Where he had previously had some sort of obligation to collective and people-centered economics, he abandoned this to begin his worship at the altar of free market economics, contrary to the values of the liberation struggle.

And this was the beginning of the unravelling of our national consciousness as had been established by the liberation struggle. It quite literally became about Mugabe and his hold on power while serving the interests of global capital.

It was labour that was to try and rein in Mugabe’s neoliberalism by first of all recalling the values of the liberation struggle and using the same to challenge an elitist political economy.

The Zimbabwe Congress of Trade Unions (ZCTU) and its allies in the students and womens’ movements as well as human rights-focused civil society organisations went on to establish what was then referred to as a working people’s party, the Movement for Democratic Change (MDC).

Mugabe, in a populist turn, decided to embark on what we officially know to be the fast-track land reform programme, all in a vainglorious and individualist attempt at retaining the loyalty of war veterans and the peasantry, while at the same time echoing long abandoned principles and values that had motivated the liberation struggle.

It worked, albeit briefly.

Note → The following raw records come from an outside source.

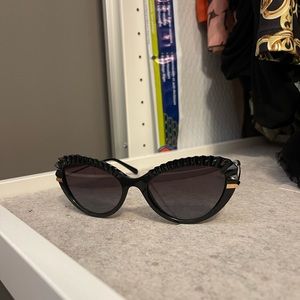 Dolce & Gabbana Sunglasses women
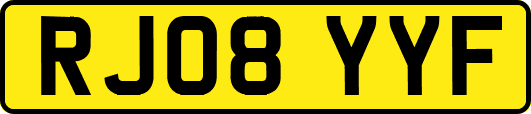 RJ08YYF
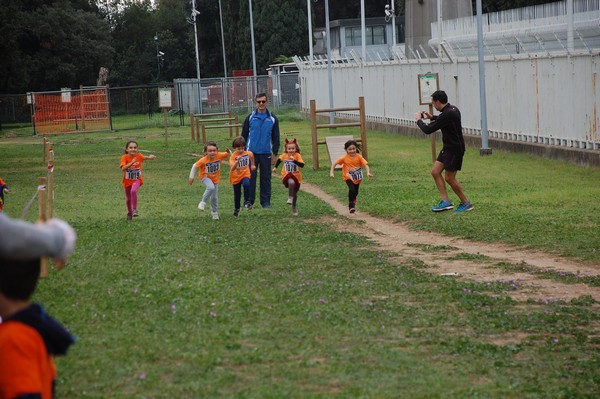 Trofeo Arancini Podistica Solidarietà  (29/10/2017) 00020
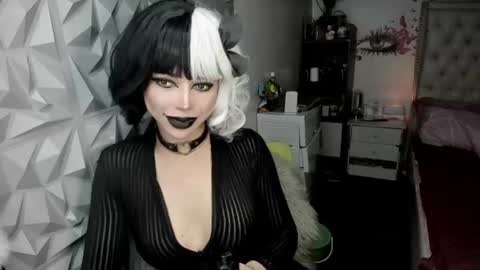 Jane online show from 07.04.26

Mugabe’s neoliberal economy could not sustain the land reform programme and it expectedly reeled under not only sanctions but also the fact that its populism was never going to make it revolutionary.

That it happened and has been said by Emmerson Mnangagwa’s government to be irreversible does not make it any less violent or populist in serving Mugabe’s intention at retaining power.

Even by the time he was forced by Sadc to form an inclusive government with the opposition, Mugabe’s particular version of individualism in politics would not allow him to even consider his own succession, in his own party nor for posterity.

And where we fast forward to his ouster from power, his particular streak of individual political stubbornness eventually led him to be hoist by his own petard.

He quite literally fell on his own sword. Even if he didn’t see it coming.

It is a combination of Mugabe’s inability to see into the future or beyond himself and his deliberate abandonment of liberation struggle socialist democratic values as accompanied by neoliberal/free market economics that led Zimbabwe to its current parlous state.

The end effect of this on our own society has been catastrophic, not only just in relation to our one time critical national consciousness as informed by the liberation struggle, but also to our own individual perceptions of what should be a progressive society.

Mugabe’s long rule has the unenviable legacy of having created a highly individualised, materialistic and populist society, one that perceives progress by the day and rarely considers collective posterity.

And with a default admiration of neoliberalism and ideological austerity, Mugabe — via his ruling party Zanu PF, took us into the trap of “millennial capitalism” where a combination of free market economics, superstition (religion), gambling and individualism have stymied the collective national consciousness.

There are many ways to regain a critical collective national consciousness. The first step is to identify what caused its demise.

Historically and in the contemporary, that begins at identifying Mugabe’s real legacy and role in getting us to where we are as a country; where we are saddled with a nasty/violent, materialist and populist individualism.